However, a different approach is needed for non-staple food commodities. For many of non-staple commodities, MSPs are announced with little or no procurement. This is really ineffective. Thus, a gradual movement to an income-based support system is needed. PM-KISAN is currently attempting this, but the support under the programme is grossly inadequate. Also, the economic rationale for the payment of Rs 6,000 per farm per annum is not clear and does not appear to be based on any systematic analysis of costs and returns of farming. Therefore, using the data on crop and state-wise A2 cost of cultivation published by the Commission for Agricultural Costs and Prices (CACP)—which represents the basic costs incurred by the farmer on inputs and land leased, area under various crops in different states, and the number of small and marginal holdings in the country—the weighted cost of cultivation (with area under crops and number of holdings as weights) works out to Rs 16,769 per farm. This is nearly 2.8 times the current payment under PM-KISAN. Data of 2015-16 has been used for these computations so that direct payments do not affect the marginal production (current production). Given the fiscal space available to the Union government, it may not be possible to cover the entire cost.
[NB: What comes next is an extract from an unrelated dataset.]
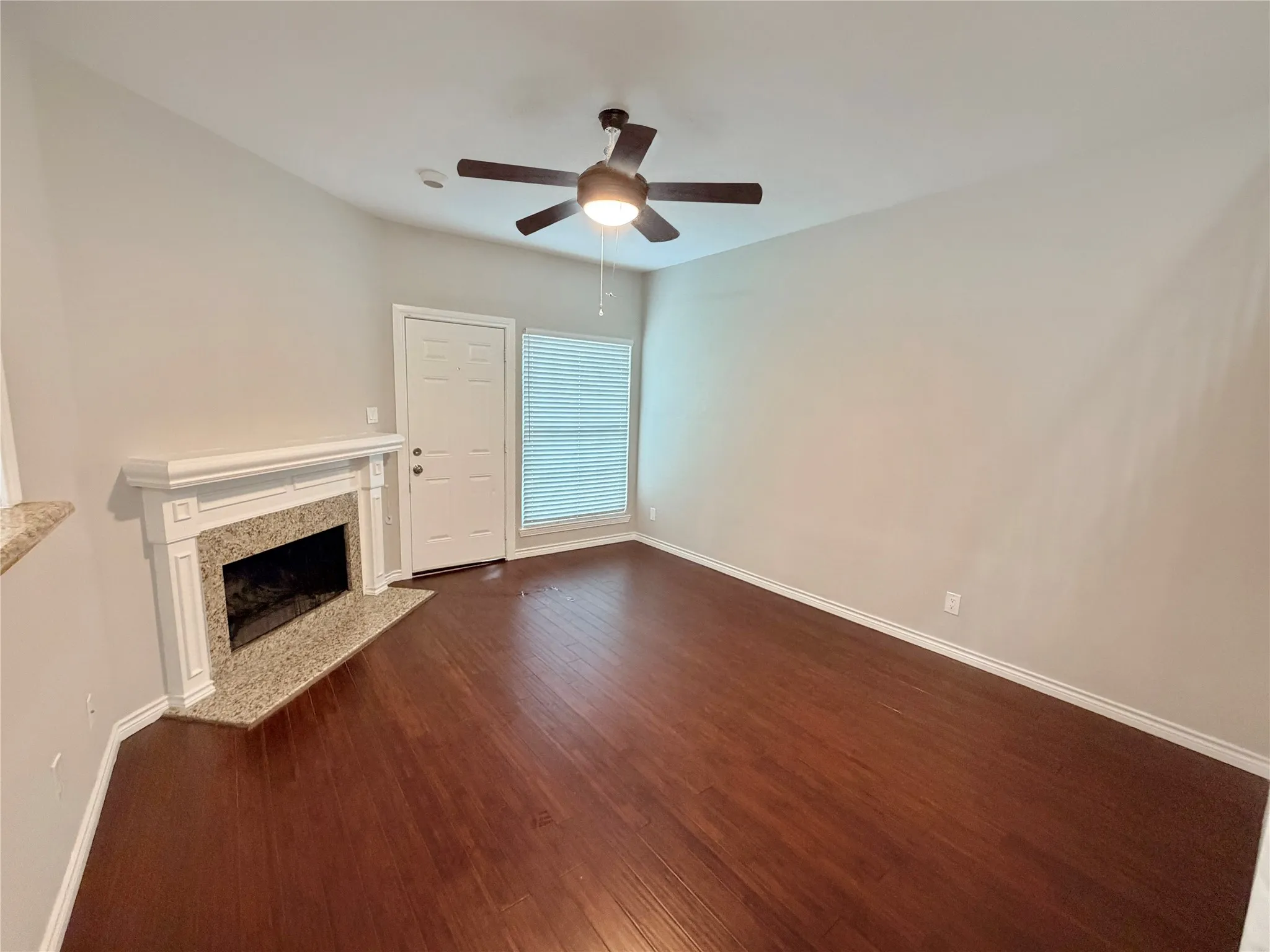 Townhouse For Sale in Dallas County , 2409 Northlake Court, Irving, Texas 75038, 2 Bedroom, 2 Bathroom, Garage spaces, 1,029 Sqft, built in 1983, Preowned, mls#21248431, Real Estate Agent in Irving, Homes For Sale in Dallas county, Homes For Sale in Irving, Realtor in Irving Texas, Real Estate Brokerage Independent Realty Texas, Luminita Cordes Realtor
Covering 50% of the cost will entail an annual expenditure of Rs 1,22,187 crore, which is much less than the estimated expenditure for procurement plus DP system. Also, if rice and wheat holdings that get the benefit of MSP are excluded, then this expenditure may be even less.
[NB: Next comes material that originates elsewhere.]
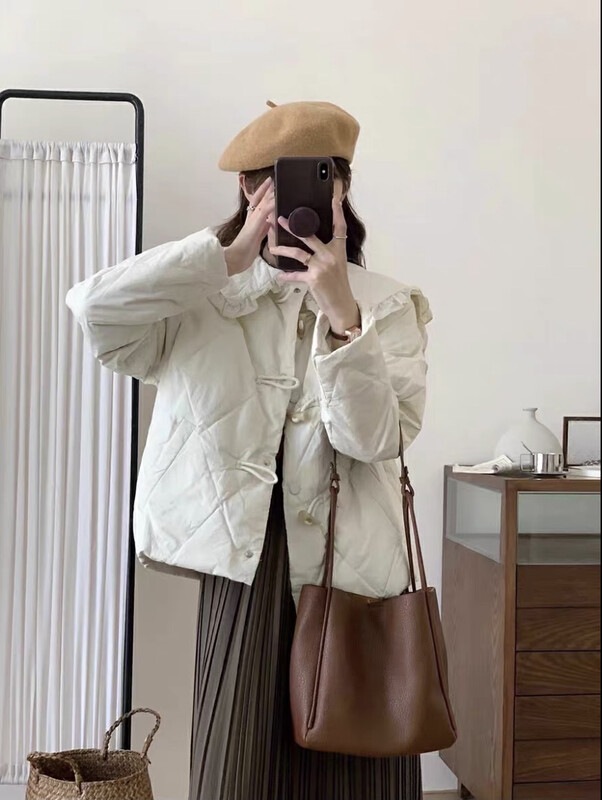 【I-D】Korean style fashion lace horn button warm down jacket (90% white duck down) 9048# L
If MSP is legalised for all food crops considered here, the budgeted food subsidy for 2021-22 will increase from the current 1.2% to 2.3%. In case of enhanced PM-KISAN payments, the corresponding increase is from 0.4% to 0.6%. Since DPs do not affect marginal production, farmers are likely to align their supply with the demand conditions.
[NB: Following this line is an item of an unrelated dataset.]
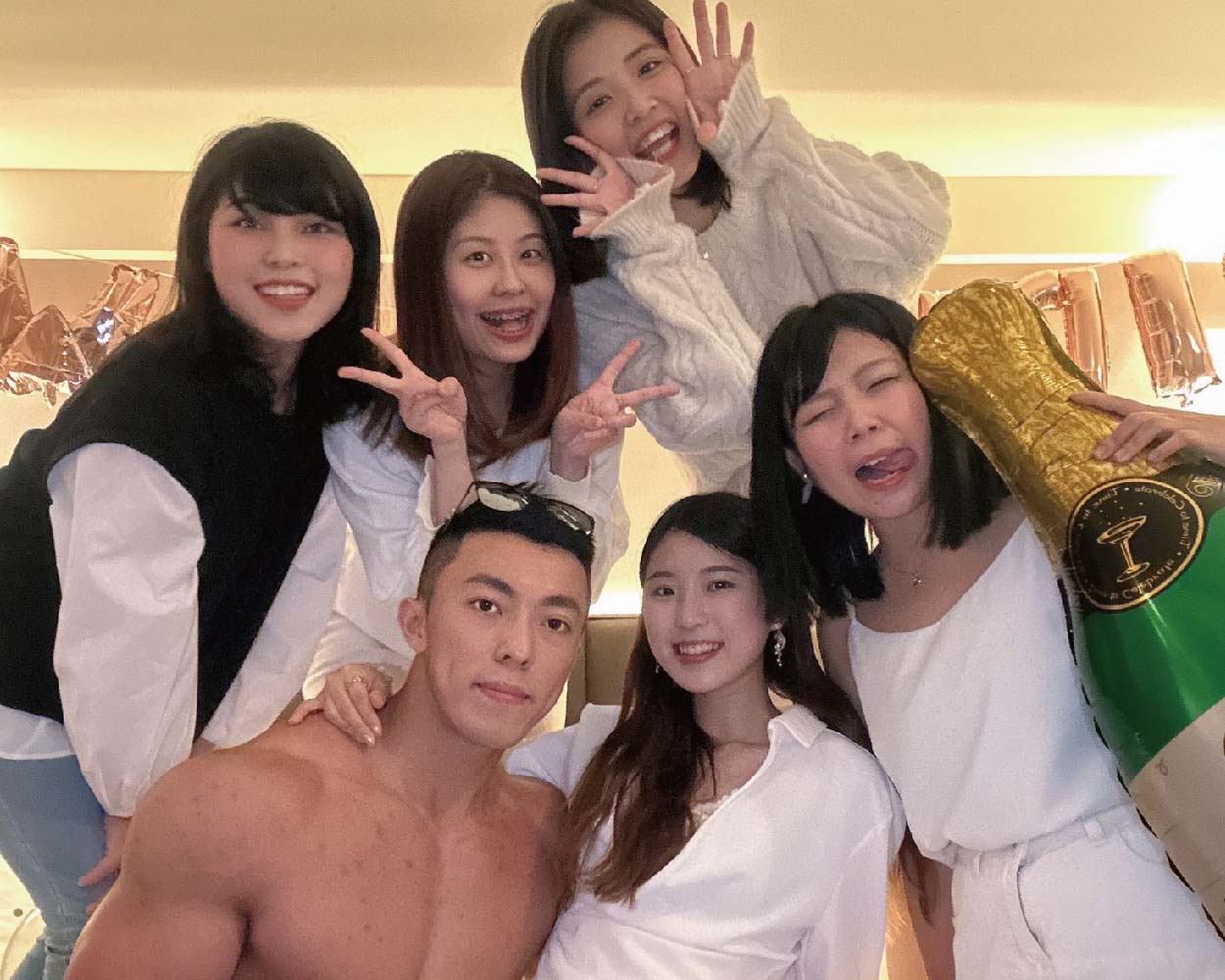 猛男秀辣妹秀表演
In conclusion, public procurement needs to continue for staple cereals, but farmers of non-staple food crops need to be provided with direct income transfers—these are fiscally prudent, obviate the need for physical procurement and storage by the government, do not distort current production, and also provide a basic income to farmers. These will also address the main concern over the recent farm laws related to the vulnerability of small and marginal farmers and may help these farmers to avoid distress sales.